> **Required action**: Set down each entry exactly as given; pictures should not appear in the copy.

> **Records from a collection**:
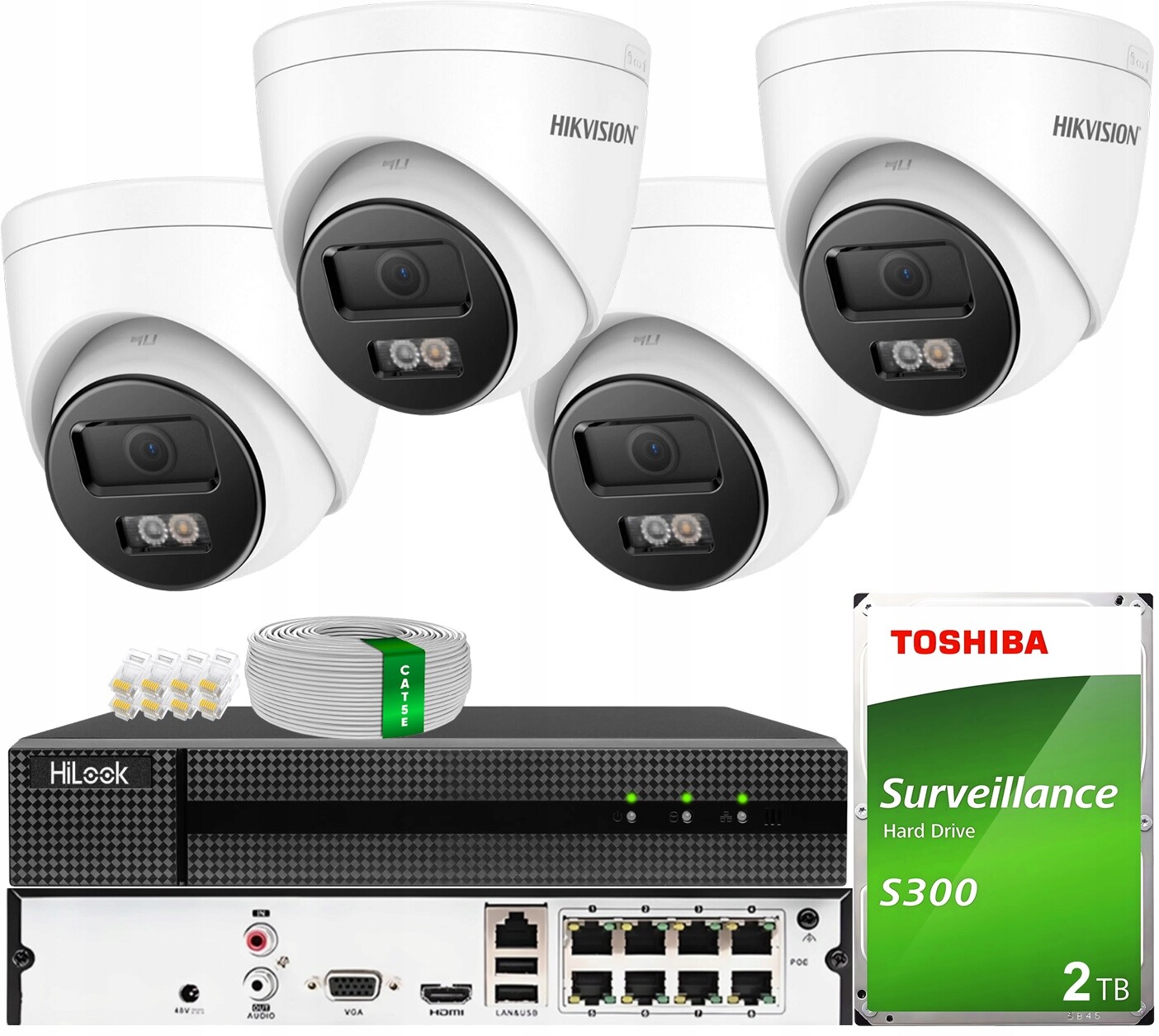 Ip monitorování 4 kamery 6MPx Hikvision Externí PoE rekordér Disk 2TB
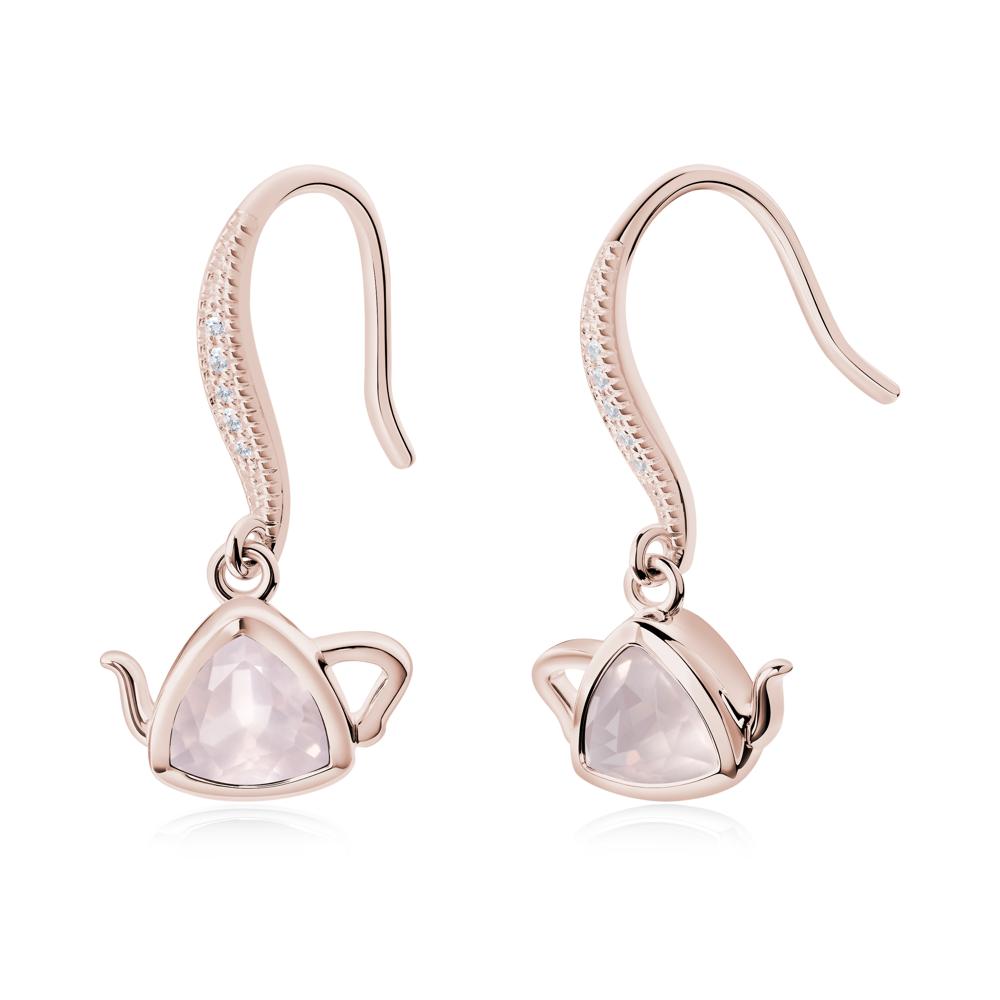 Trillion Cut Rose Quartz Shepherd Hook Earrings - LUO Jewelry #metal_14k rose gold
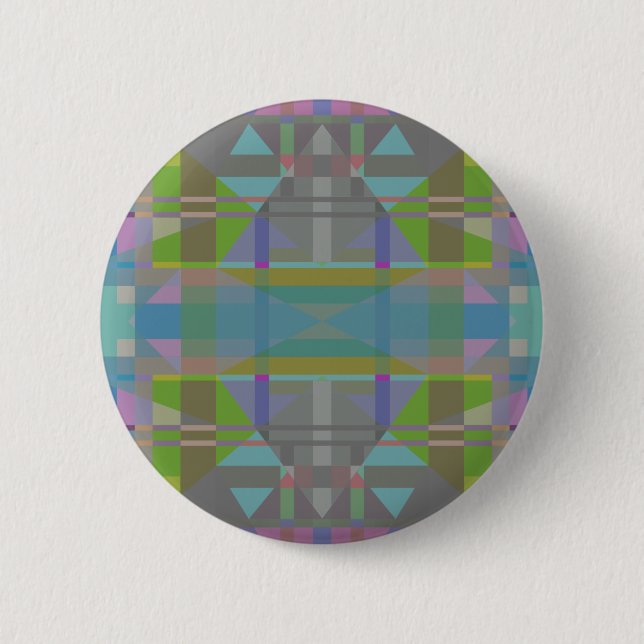 Green Blue Purple Geometric Button (Front)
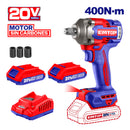 LLAVE DE IMPACTO INALAMBRICA 1/2, 20V, BRUSHLESS, 400NM, INCLUYE 3 COPAS MM, CON 2 BATERIAS Y CARGADOR. EMTOP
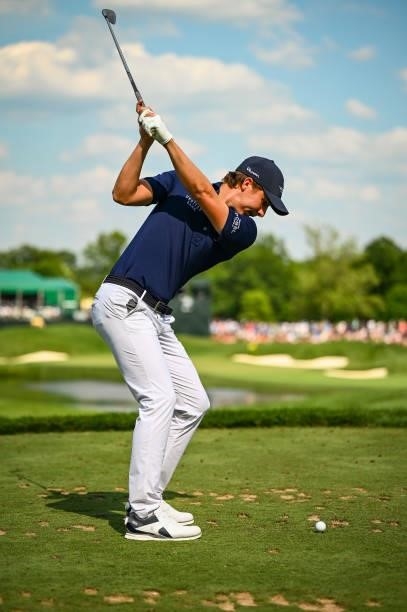 Carlos Ortiz of Mexico at the top of his swing as he plays his shot from the 16th tee during the third round of the Memorial Tournament presented by...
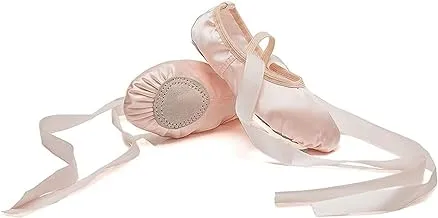 Girls Ballet Shoes Satin Slippers Gymnastic Flats Lace Ribbon Split Sole (Satin Flesh Size 31)- Light Pink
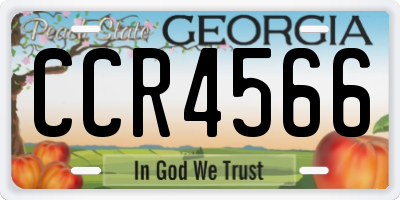 GA license plate CCR4566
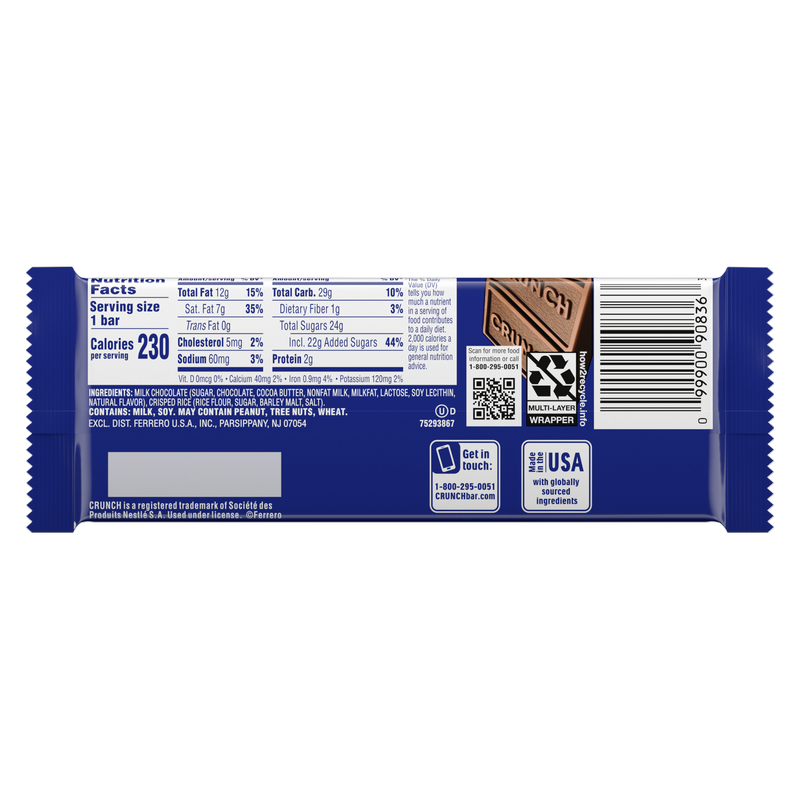 CRUNCH Milk Chocolate and Crisped Rice Full Size Candy Bar, 1.55 oz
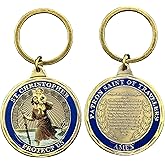 DFFDFF St Christopher Protect Us Challenge Coin keychain Patron Saint of Travelers Prayer Commemorative Coin keychains for Travelers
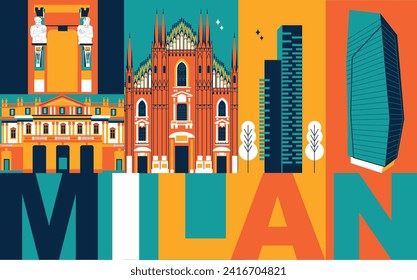 Typography word "Milan" branding technology concept. Collection of flat vector web icons. Italy culture travel set, famous architectures, specialties detailed silhouette. Italian famous landmark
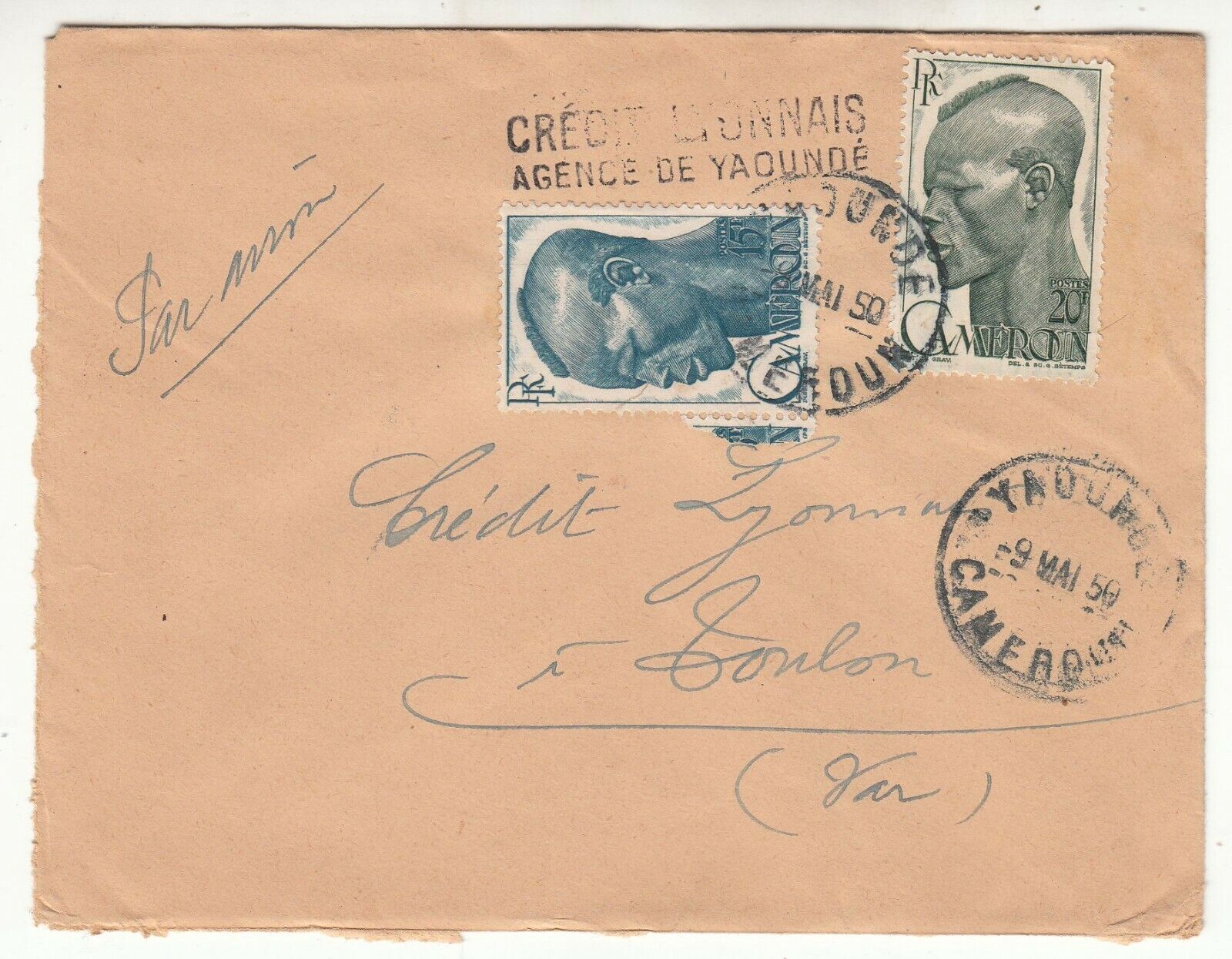 LETTRE CAMEROUN DOUALA TOULON CREDIT LYONNAIS 1950 PAR AVION 401771441059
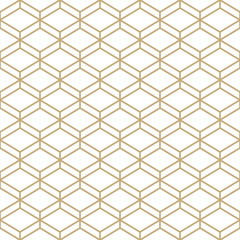 Abstract simple pattern with golden honeycomb grid. Gold and white geometric background. Modern seamless texture in minimal style.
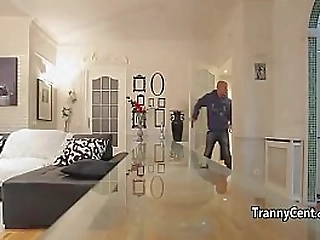 guy jizzed big cock shemale beauty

> **Solution**:
 Ip monitorování 4 kamery 6MPx Hikvision Externí PoE rekordér Disk 2TB
 Trillion Cut Rose Quartz Shepherd Hook Earrings - LUO Jewelry #metal_14k rose gold
 Green Blue Purple Geometric Button (Front)
 LLAVE DE IMPACTO INALAMBRICA 1/2, 20V, BRUSHLESS, 400NM, INCLUYE 3 COPAS MM, CON 2 BATERIAS Y CARGADOR. EMTOP
 Carlos Ortiz of Mexico at the top of his swing as he plays his shot from the 16th tee during the third round of the Memorial Tournament presented by...
 Girls Ballet Shoes Satin Slippers Gymnastic Flats Lace Ribbon Split Sole (Satin Flesh Size 31)- Light Pink
 GA license plate CCR4566
 CRUNCH Milk Chocolate and Crisped Rice Full Size Candy Bar, 1.55 oz
 DFFDFF St Christopher Protect Us Challenge Coin keychain Patron Saint of Travelers Prayer Commemorative Coin keychains for Travelers
 Typography word "Milan" branding technology concept. Collection of flat vector web icons. Italy culture travel set, famous architectures, specialties detailed silhouette. Italian famous landmark
 LETTRE CAMEROUN DOUALA TOULON CREDIT LYONNAIS 1950 PAR AVION 401771441059
 Abstract simple pattern with golden honeycomb grid. Gold and white geometric background. Modern seamless texture in minimal style.
 guy jizzed big cock shemale beauty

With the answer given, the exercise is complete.